Otherwise? Well, picture quality is fresh and bright, probably close to the master. After seeming to wrestle with an octopus for much of the first song, the cameraman thereafter keeps things fairly steady and the upgraded sound is very nice indeed. But the film is shot from distance and though the lens zooms in near enough to frame Bob and other band members centre-screen, it never gets sufficiently up-close and personal to catch that true sense of intimacy and revelation that the finest audience films convey. Still, a strong set-list performed, for the most part, in exemplary style is enough to make D164.su a worthy addition to any collection.

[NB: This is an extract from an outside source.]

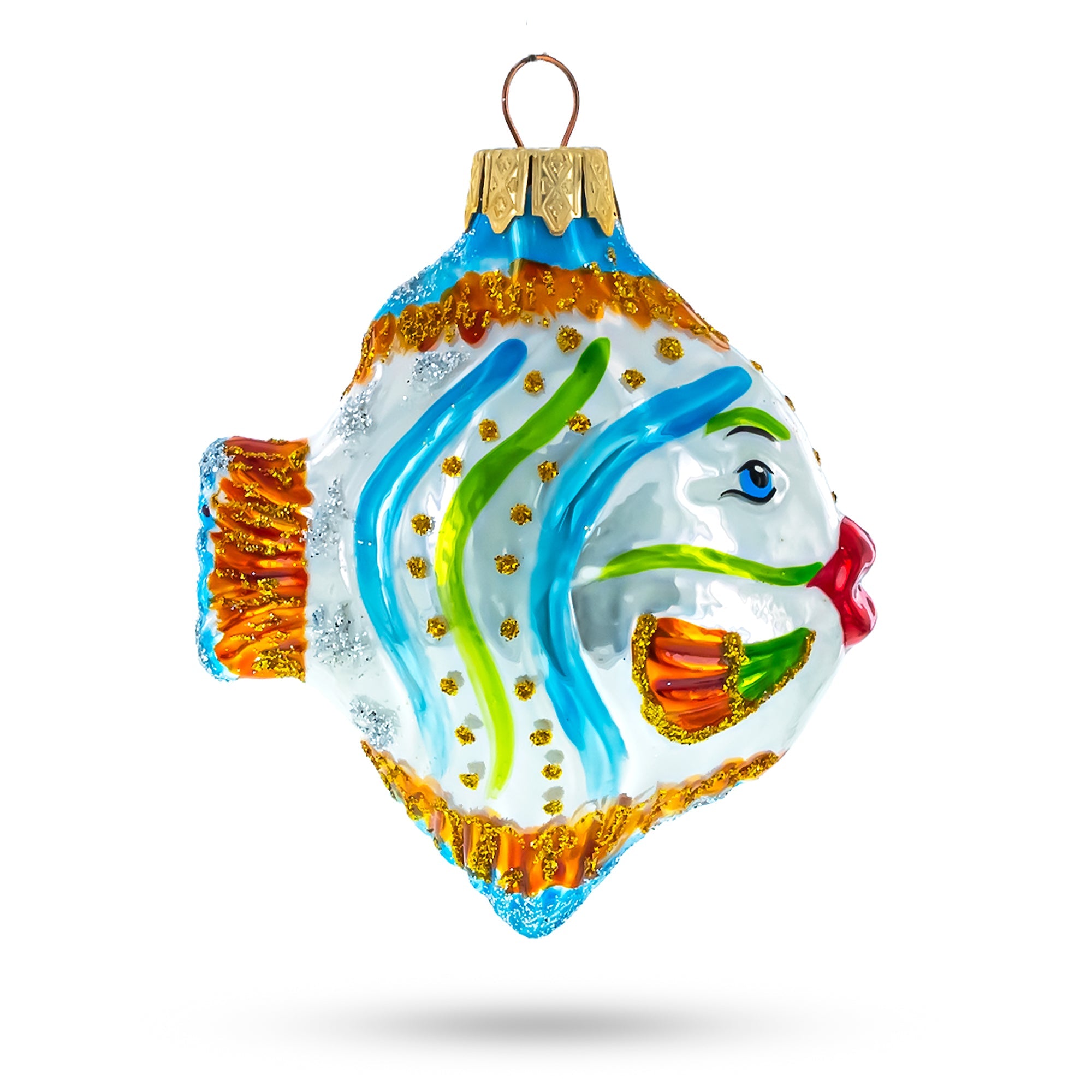 Coral Reef Fish Glass Christmas Ornament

After an up-tempo D&B opener, the very best comes first - John Brown gets a slow dignified treatment which suits it far better than any previous arrangement I’ve heard. Bob then delivers both Visions and OTTM with more of the same obvious care and affection, show-casing for us lucky viewers, as he does, singer and work at their most exquisite. He then sings two lines of Tangled, after which the song is cut. Why didn’t the makers of this DVD have enough nous to edit this snippet out altogether? The time and effort that goes into creating these valuable artefacts is plainly immense, but such lack of critical judgement is called spoiling the ship for a ha’p’orth of tar (and, as if once wasn’t enough, the same problem recurs later on with a one-verse Love Sick). No matter - Standing In The Doorway is another gorgeous performance, lilting and lazy, my only grouse here being that Bob sells himself (and us) short by leaving out two of its five verses. Why?? I’d far sooner hear them than the perfunctory Watchtower that follows. Better yet, why not axe the god-awful Drifter’s Escape, a song with no redeeming features? (It stands in tonight for Maggie’s Farm as the evening’s no-tune racket-song.) JLAW and Pill-Box Hat make it a BOB hat-trick, all superb. Dignity is equally fine. LARS, on the other hand, taken slow, sounds only tired, as though it’s lost its pep. After the jaw-dropping Dogs debut, a full Things Have Changed does the business and a trucking H61 is driven through with great panache. There might be better audience-filmed shows around than this, but not many. Video distance-factor the only minor reservation.
THANKS Jam Tart
STARS Four
Reviewed by Jim50 on 30th October 2005
Have always loved the audio and the sound upgrade sounds fantastic to me. I love it because Bob's in form. The first 8 songs or so are as good as it gets. John Brown and Visions are the best performances of these songs that I know of. One Too Many Mornings finds Bob finding a new groove/riff to the song on his guitar and then exploiting it fully on harmonica.Standing in the Doorway and the first appearance of If Dogs Run Free are further highlights I reckon the video is alright and Bob is full of 'natty' little moves to keep us watching. Special thanks to Vygi for allowing me the opportunity to watch and review!